Part of a priceless collection of
Etruscan-era treasures that police discovered in a Geneva
repository in 2014 is returning to Italy, including temple
paintings, sarcophagi, friezes, statues and busts.
The collection, which authorities believe disgraced British
art dealer Robin Symes locked up in the repository, is estimated
to be worth around 9 million euros in total.
It consists of treasures believed to have been stolen by
tomb raiders in the 1970s and 80s from excavations in Lazio,
Campania, Calabria, Sicily and Puglia, art crime specialist
General Mariano Mossa said at a news conference on Tuesday.
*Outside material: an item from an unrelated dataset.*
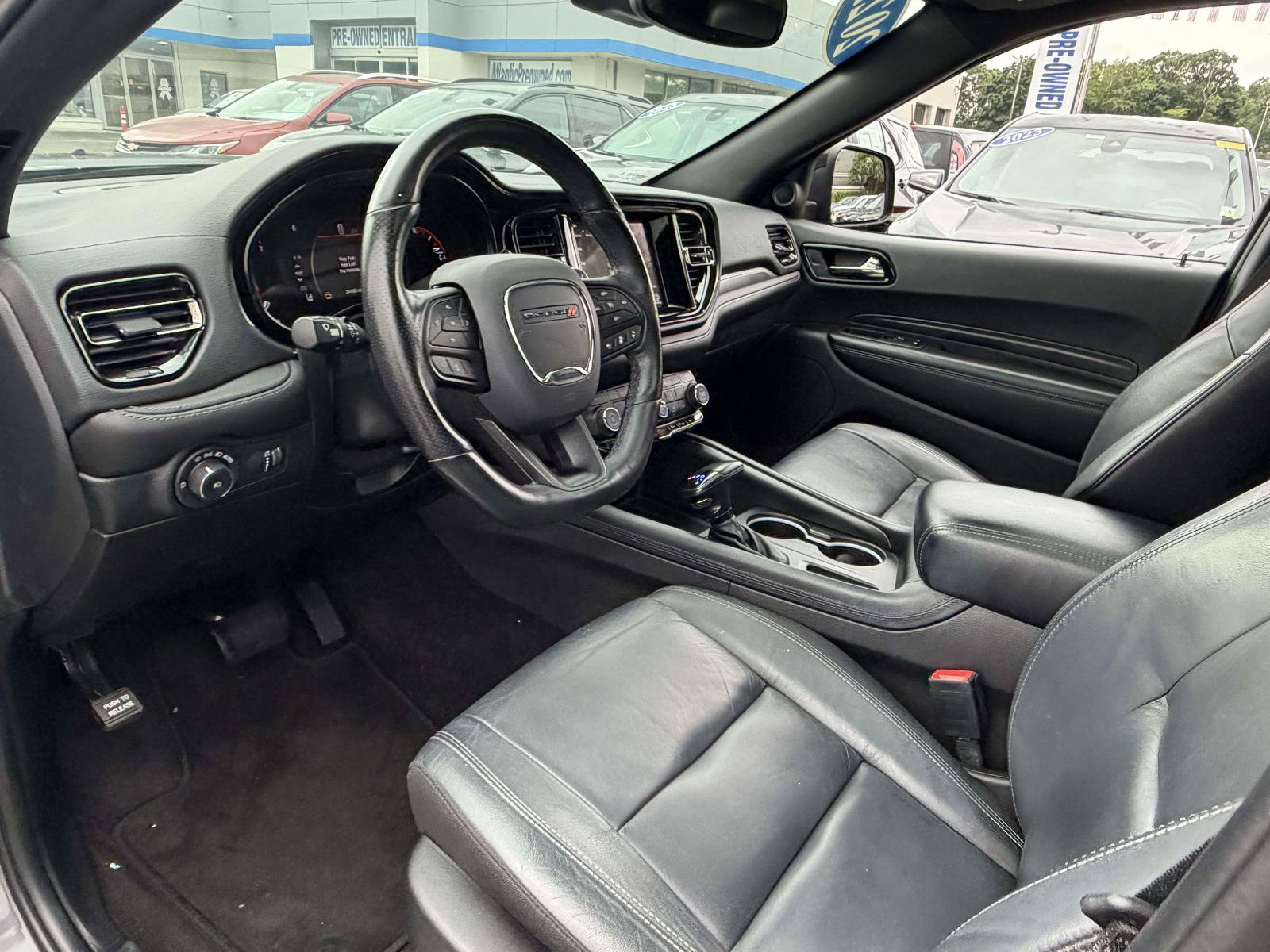 Used 2022 Dodge Durango GT AWD/4WD image 13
Illegally exported and acquired by Symes, the pieces were
destined for markets in Britain, the U.S. and Japan. Instead
they remained hidden in crates for decades.
Colourful Etruscan paintings recovered among the haul are
"exceptional and unique", according to superintendent for
Etruria Alfonsina Russo. She said their restoration could help
shed new light on Etruscan art and the decoration of temples at
the time.
She is convinced that the decorated fragments and paintings
of divinities derive from the raiding of an Etruscan temple in
Cerveteri, north-west of Rome. They point to two phases of
painting of the site: one in the middle of the sixth century BC
and a refurbishment at the end of the same century.
"In terms of the paintings of Etruscan temples we
previously had only the fragments conserved in the Villa Giulia
Etruscan Museum," she said.
She added that she hoped their restoration would only take
about a year, and that it could be open for the public to
follow.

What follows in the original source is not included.